Il periodo migliore è, a mio avviso, maggio/metà giugno, se volete fare tutto : molti uccelli devono ancora iniziare la nidificazione, altri, quelli che nidificano ancora più a nord, stanno ancora migrando, i piumaggi sono al loro meglio. Certo, non fotograferete il pulcinella di mare con le sandheel nel becco (foto peraltro trita e ritrita, e per quella dovrete andare a Luglio), ma sticazzi di fronte a un piviere dorato in abito, ai corteggiamenti delle morette codone, ai piovanelli maggiori in migrazione e in abito, etc etc
Il secondo step è affittare un auto (tenete presente che fotograferete spesso dall'auto e che farete molti fuoristrada, e sebbene sia la prassi avere strade non asfaltate in Islanda, magari evitate una twingo) e scegliere l'itinerario. Lì va a vostra scelta: io ho fatto entrambe le volte ovest-->nord-->est-->sud, ma potrete benissimo fare la ring road nell'altro senso. Stabilite anche delle tappe intermedie, perchè gli spostamenti giornalieri, a meno che non abbiate la possibilità di fare due settimane o più, sono lunghi. Per esempio nell'ultimo viaggio abbiamo fatto Keflavik --> Snaefellsnes (2 notti) --> Blonduos --> Myvatn (3 notti) --> Djupivogur --> Vik --> Selfoss (2 notti) --> Keflavik, se controllate son quasi tutti spostamenti lunghi, ho sacrificato un po' il sud-est per mancanza di alloggi nella zona di Jokulsarlon che in realtà varrebbe la pena di essere goduta per almeno due giorni.
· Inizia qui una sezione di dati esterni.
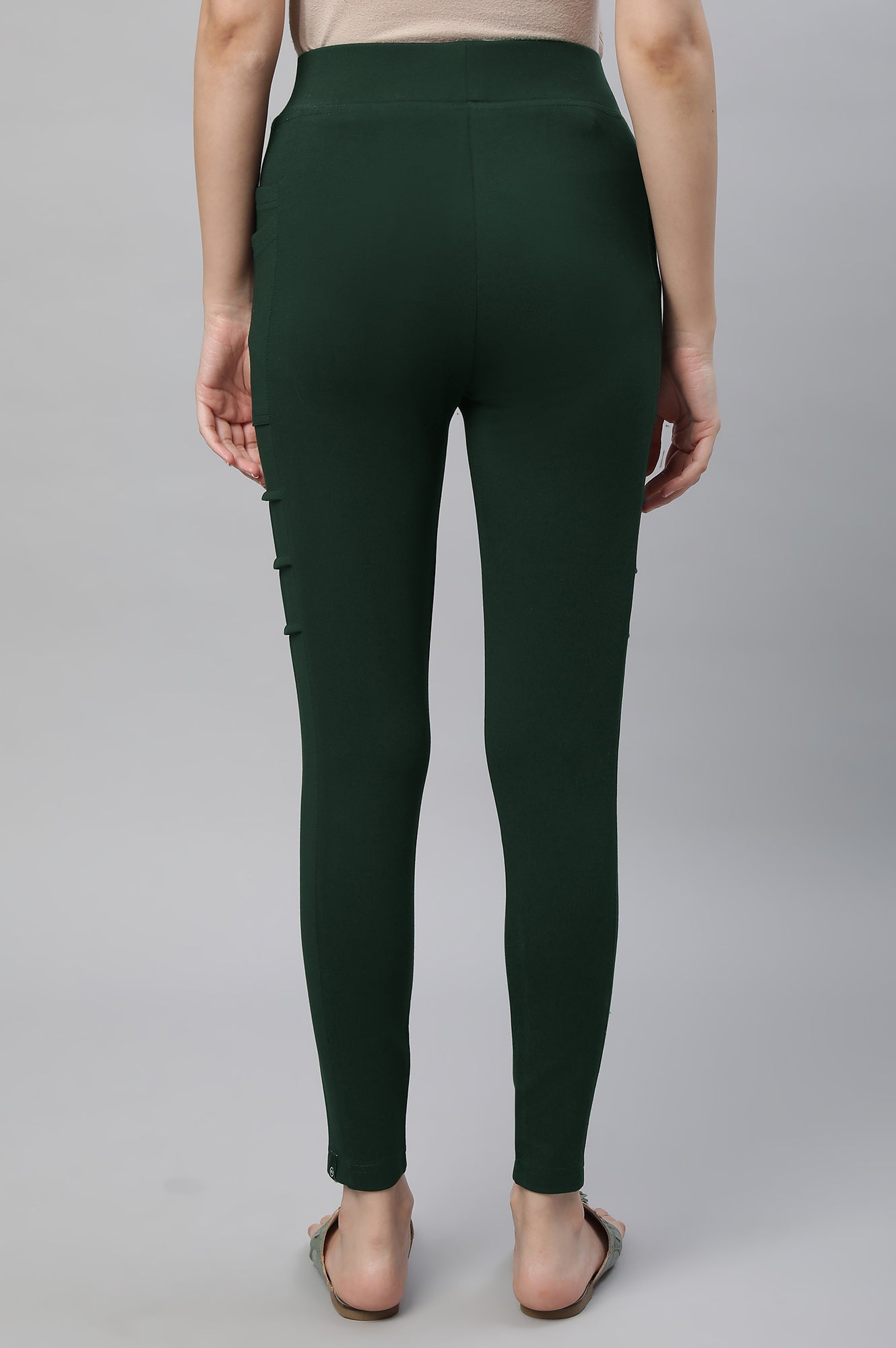 Bottle Green Solid Skinny Fit Tights With Side Pockets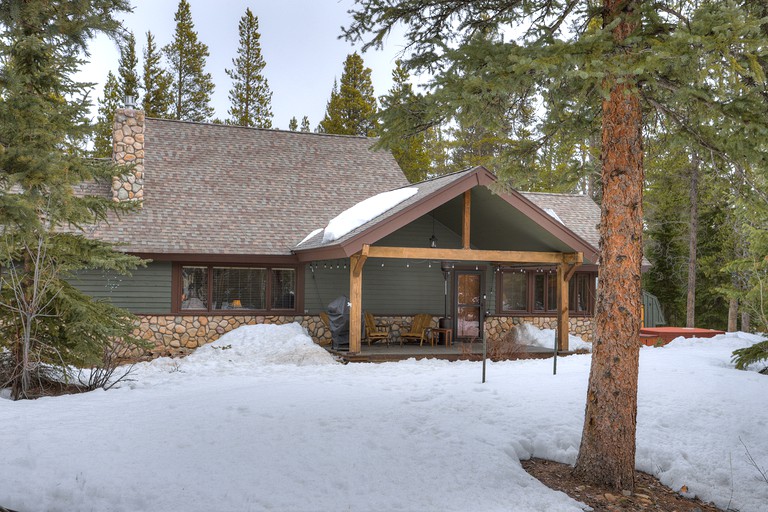 Secluded Vacation Rental for a Wonderful Family Getaway Surrounded by Mountains in Breckenridge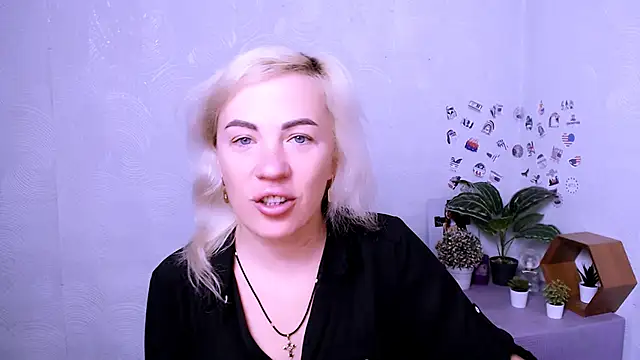 Snapshot of EmmaCat_ chatting on 11.05.25 EmmaCat online show from 11.05.25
Ovviamente non scriverò i posti dove ho scattato le foto, anche perchè molti uccelli sono letteralmente ovunque (vi stuferete di pettegole, beccaccini etc), però ci sono delle tappe obbligatorie, prima fra tutte il Myvatn, che è la zona migliore d'Europa per gli anatidi. Al sud troverete le colonie più consistenti di fulmari e pulcinella di mare (soprattutto le isole Vestmannaeyjar che ospitano la più grande colonia al mondo), per gli uccelli marini in generale, quindi anche urie, urie di Brunnich e gazze marine i posti migliori sono i fiordi occidentali (che però allungano di un po' il tragitto) e l'isola - a nord - di Grimsey, e secondo me vale la pena anche fare sosta nella penisola di Snæfellsnes, a ovest. Esistono comunque molti siti sul birdwatching in Islanda (in inglese), così come una guida sugli uccelli che credo sia disponibile anche online (Icelandic bird guide di Johann Oli Hilmarsson). Esplorate ogni singolo laghetto, ogni strada sterrata un po' più tranquilla: un altro consiglio è quello di osservare bene, e andare con un minimo di preparazione sulla fauna locale. Ma soprattutto il consiglio più grande è di andare con il massimo rispetto, perchè molte specie avranno già iniziato la nidificazione, ed è fisiologico che vi imbatterete, anche senza volerlo, in parecchi nidi: una foto non giustifica MAI il disturbo alla riproduzione. 

Concludo innanzitutto con il clima: aspettatevi la pioggia, se non addirittura la neve. Quindi indumenti il più impermeabili possibili, e vestitevi a strati, portatevi anche i guanti. La temperatura massima è sempre stata sui 12 gradi, ma la minima anche a 2 gradi, soprattutto nella zona del Myvatn. La pioggia la incontrerete di certo, spesso arriva e va nel giro di mezzora, ma è una discreta rottura di zebedei, e noi siamo stati ancora fortunati visto che l'abbiamo incontrata solo nella seconda metà del viaggio.
Infine i costi. E' tutto dannatamente caro. Troppo poco come commento?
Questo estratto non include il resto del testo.